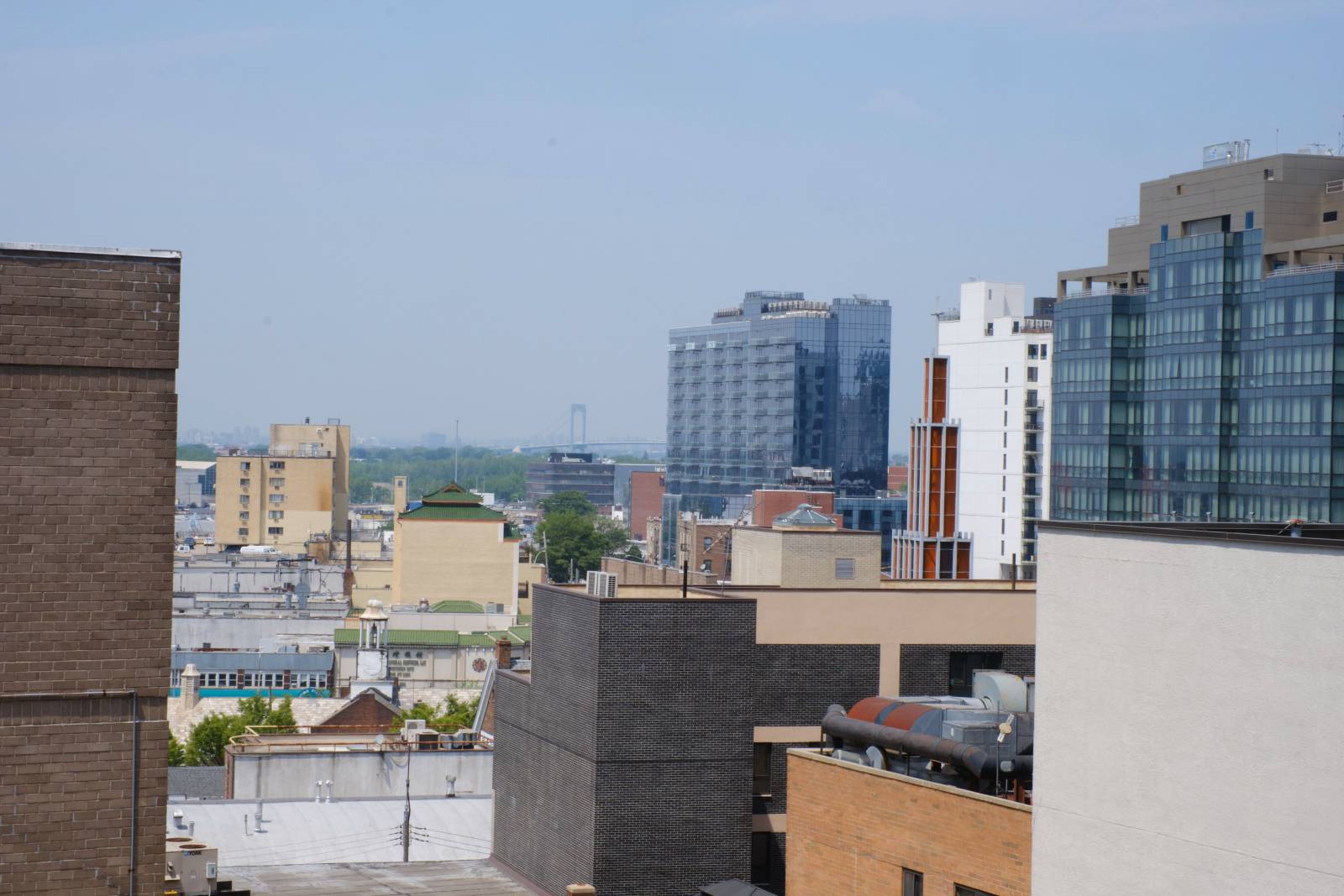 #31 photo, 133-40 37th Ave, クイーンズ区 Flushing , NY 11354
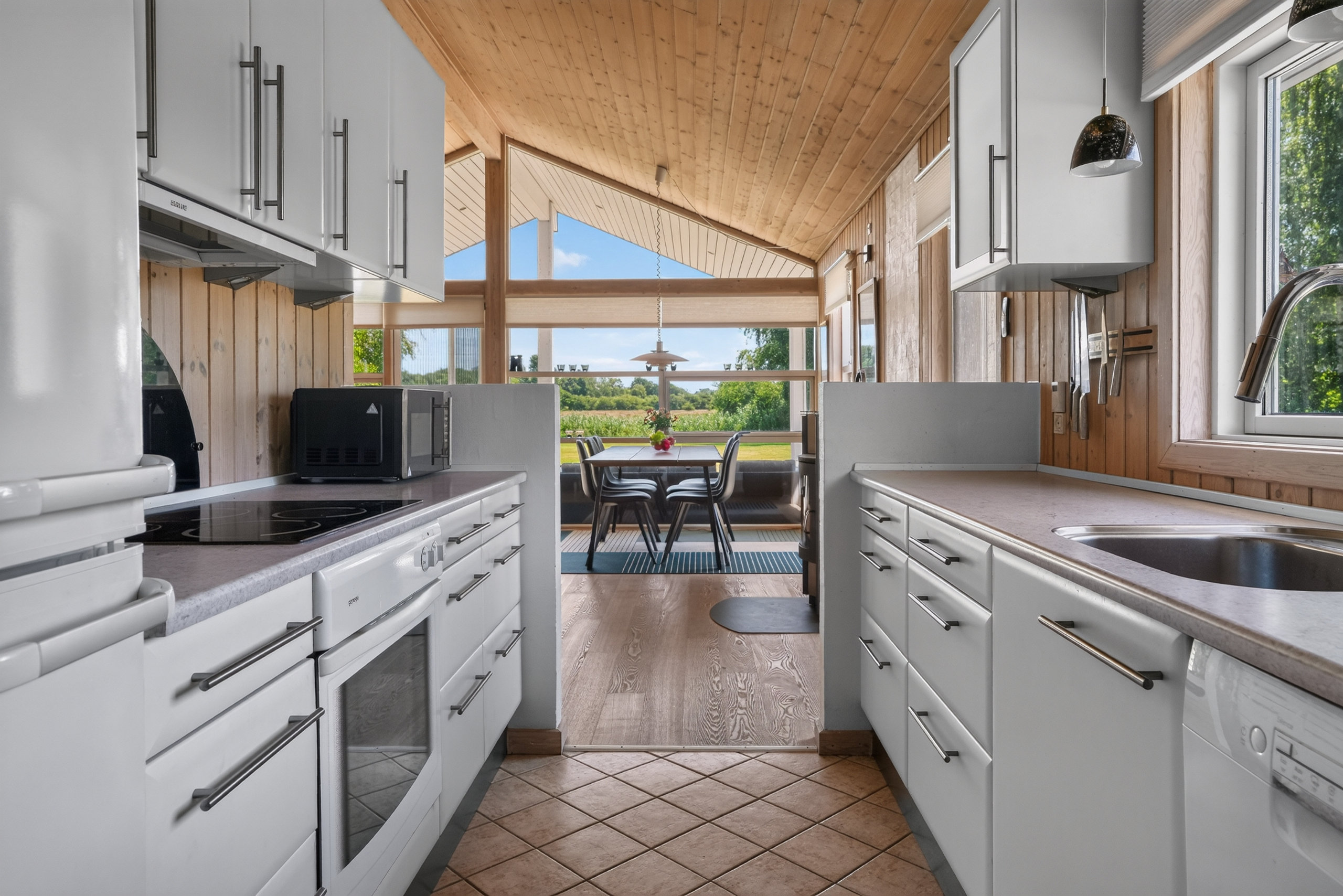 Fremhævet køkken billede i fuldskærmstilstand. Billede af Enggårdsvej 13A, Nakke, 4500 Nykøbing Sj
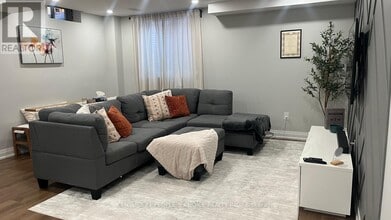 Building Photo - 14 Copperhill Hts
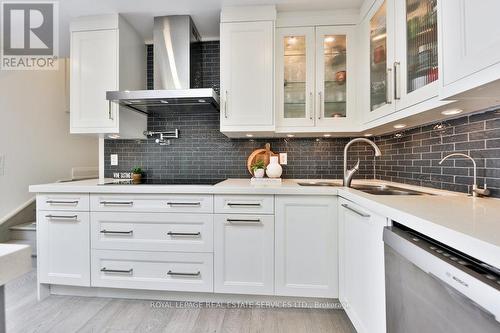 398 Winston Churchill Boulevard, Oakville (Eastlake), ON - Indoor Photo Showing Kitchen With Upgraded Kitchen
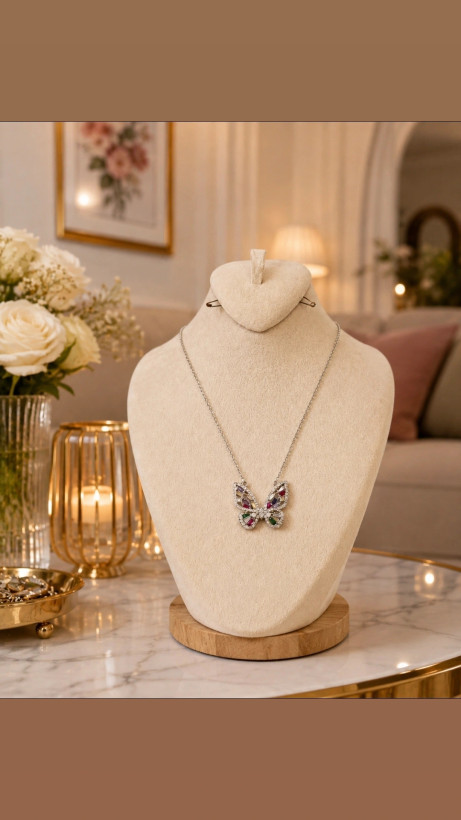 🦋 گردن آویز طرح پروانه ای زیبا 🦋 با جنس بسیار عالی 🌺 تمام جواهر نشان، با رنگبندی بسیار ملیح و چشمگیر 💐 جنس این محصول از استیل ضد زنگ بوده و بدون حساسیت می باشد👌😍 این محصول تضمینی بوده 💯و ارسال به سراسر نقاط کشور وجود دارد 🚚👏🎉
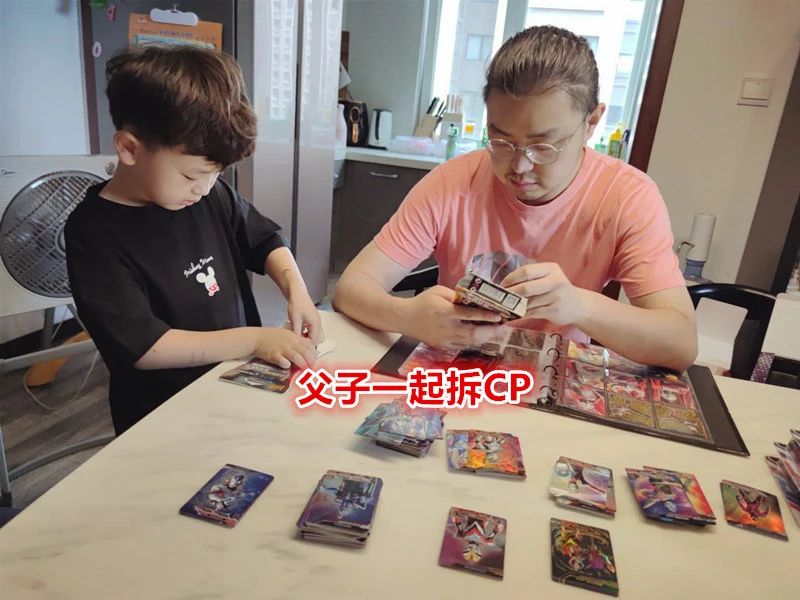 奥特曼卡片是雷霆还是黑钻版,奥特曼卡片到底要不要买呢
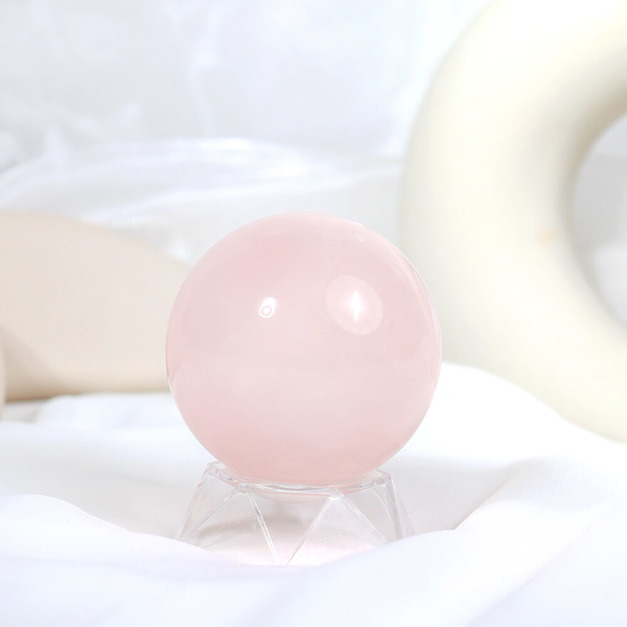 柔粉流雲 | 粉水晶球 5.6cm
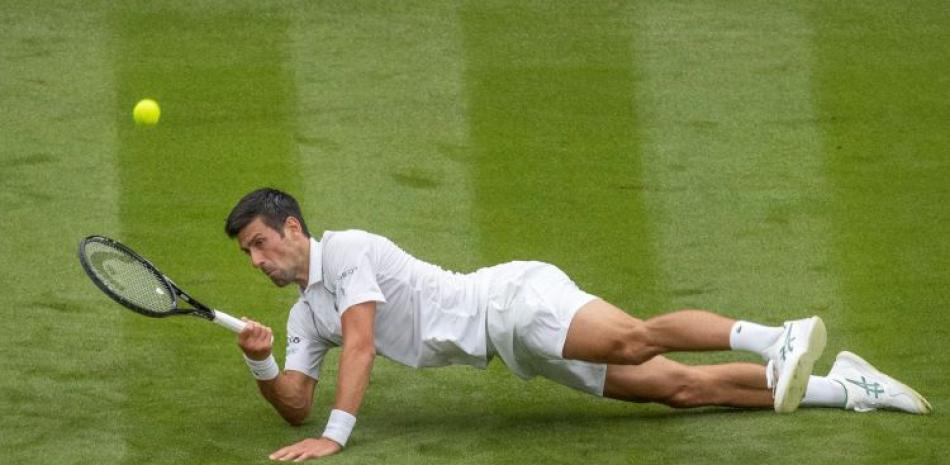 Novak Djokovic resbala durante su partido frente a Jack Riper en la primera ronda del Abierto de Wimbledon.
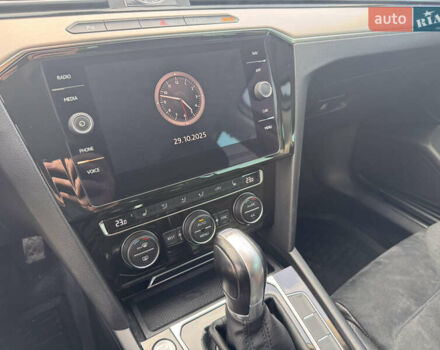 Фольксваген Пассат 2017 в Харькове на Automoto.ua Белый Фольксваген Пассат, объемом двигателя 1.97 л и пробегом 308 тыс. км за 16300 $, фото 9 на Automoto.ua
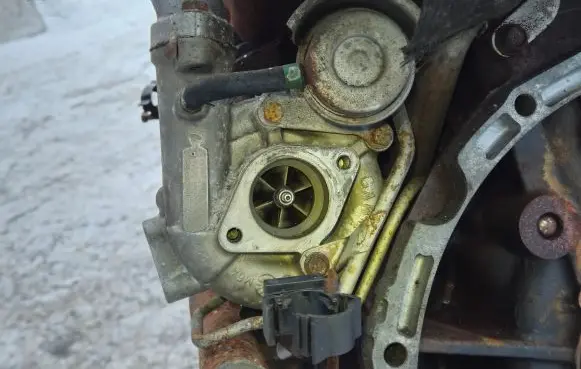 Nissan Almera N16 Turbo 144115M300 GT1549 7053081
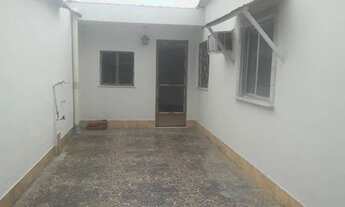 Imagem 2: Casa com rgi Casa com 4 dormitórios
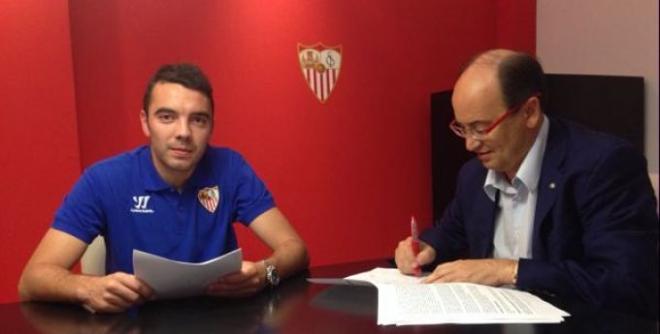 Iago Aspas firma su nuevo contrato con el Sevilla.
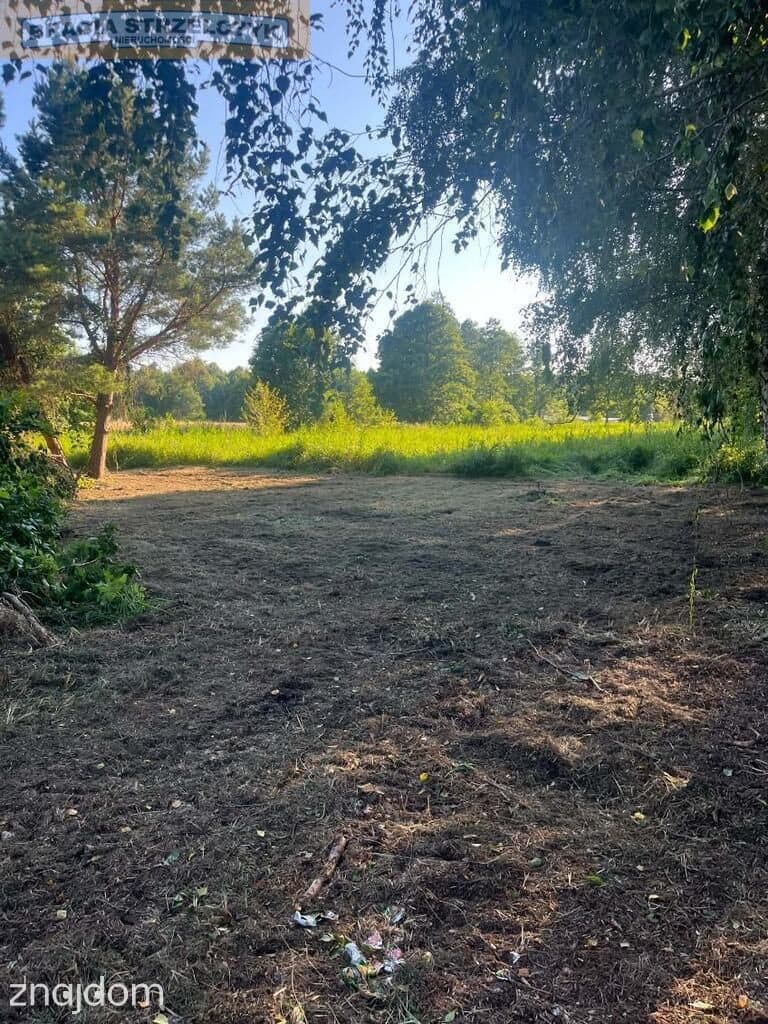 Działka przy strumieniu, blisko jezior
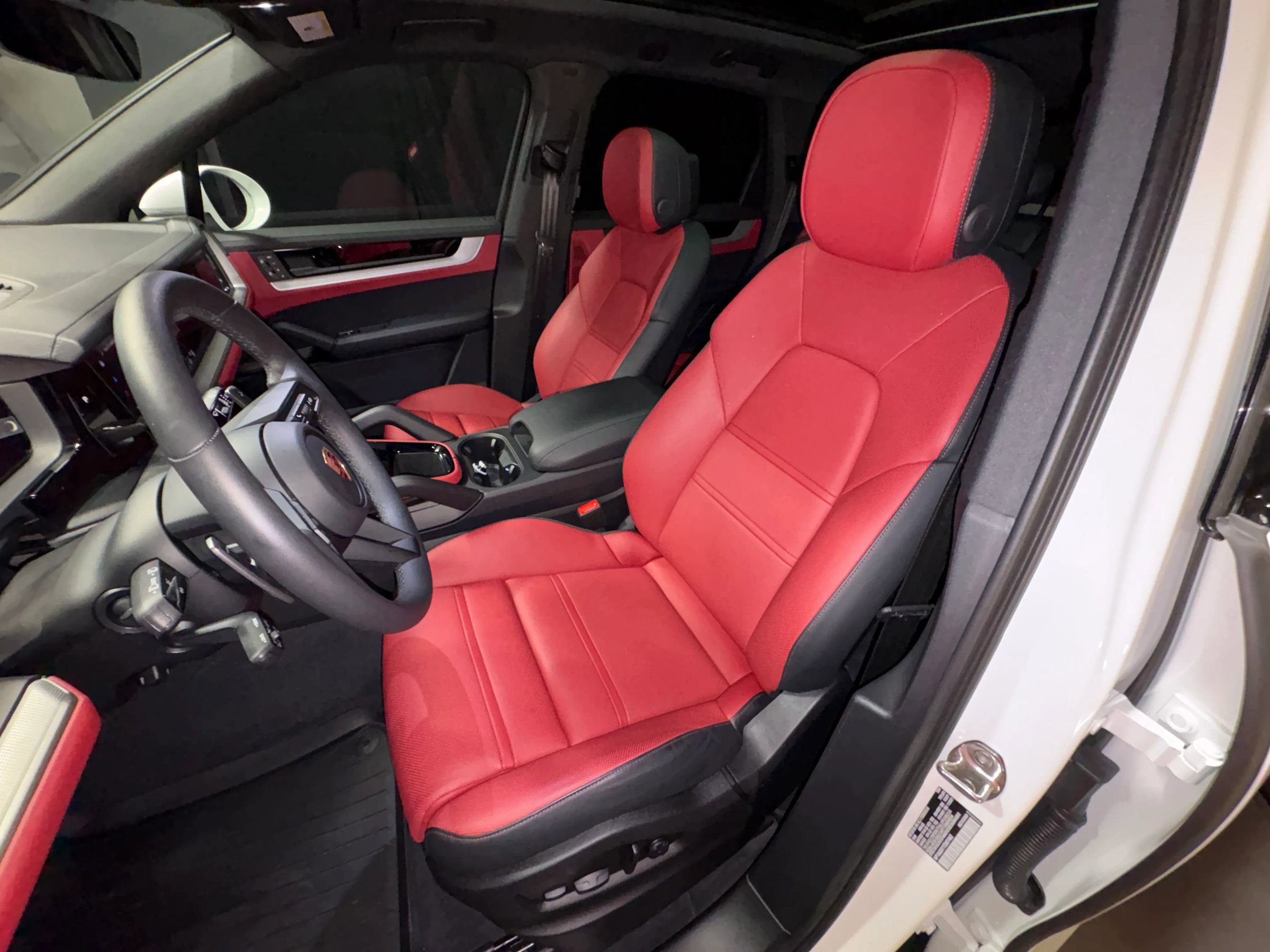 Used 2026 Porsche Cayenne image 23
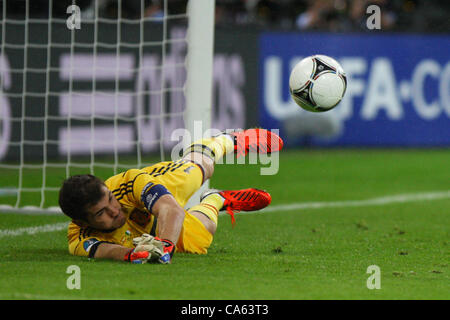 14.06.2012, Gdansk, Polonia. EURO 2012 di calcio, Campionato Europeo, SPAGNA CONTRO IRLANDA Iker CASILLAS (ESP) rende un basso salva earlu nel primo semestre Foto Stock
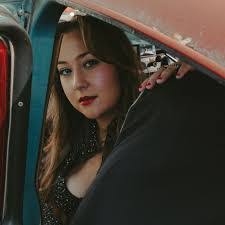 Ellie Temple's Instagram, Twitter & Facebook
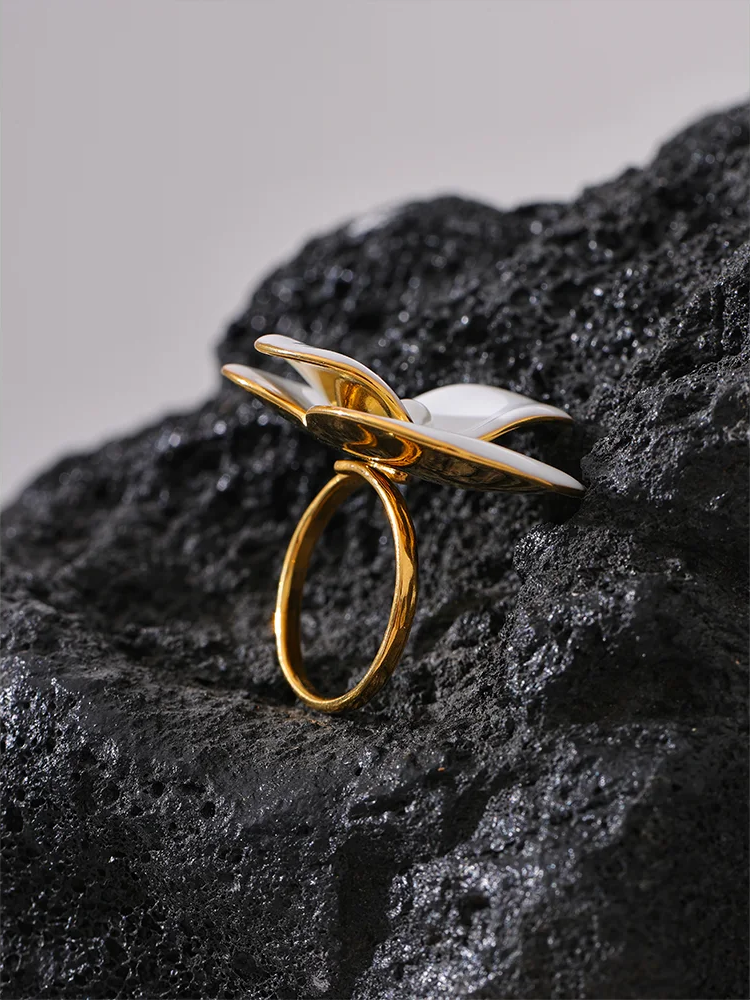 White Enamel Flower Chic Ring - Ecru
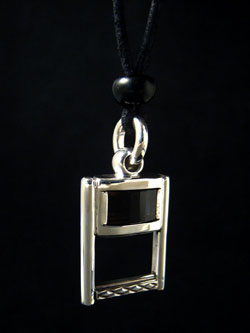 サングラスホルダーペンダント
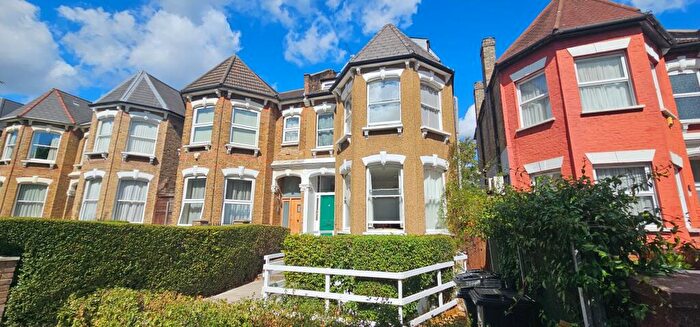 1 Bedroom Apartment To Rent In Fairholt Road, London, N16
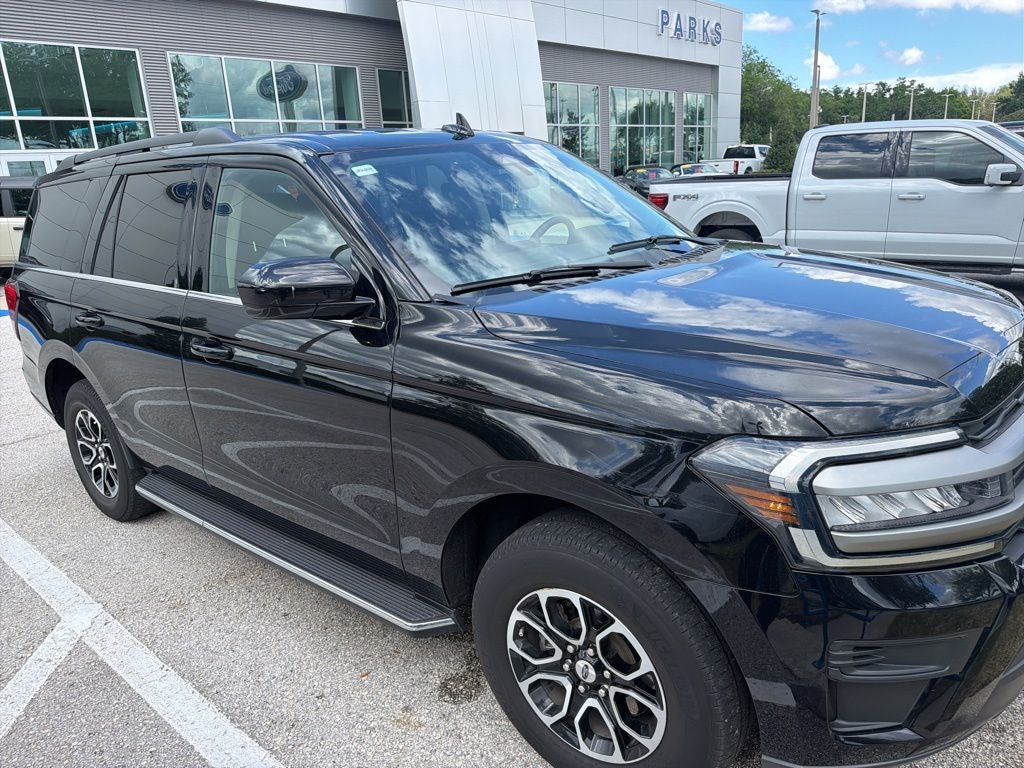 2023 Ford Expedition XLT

________________________________________

Copy verbatim the span that begins at the line containing "サングラスホルダーペンダント" and ends at the last line of the material, inclusive of both; exclude pictures.

[Reply to the exercise]
 サングラスホルダーペンダント
 1 Bedroom Apartment To Rent In Fairholt Road, London, N16
 2023 Ford Expedition XLT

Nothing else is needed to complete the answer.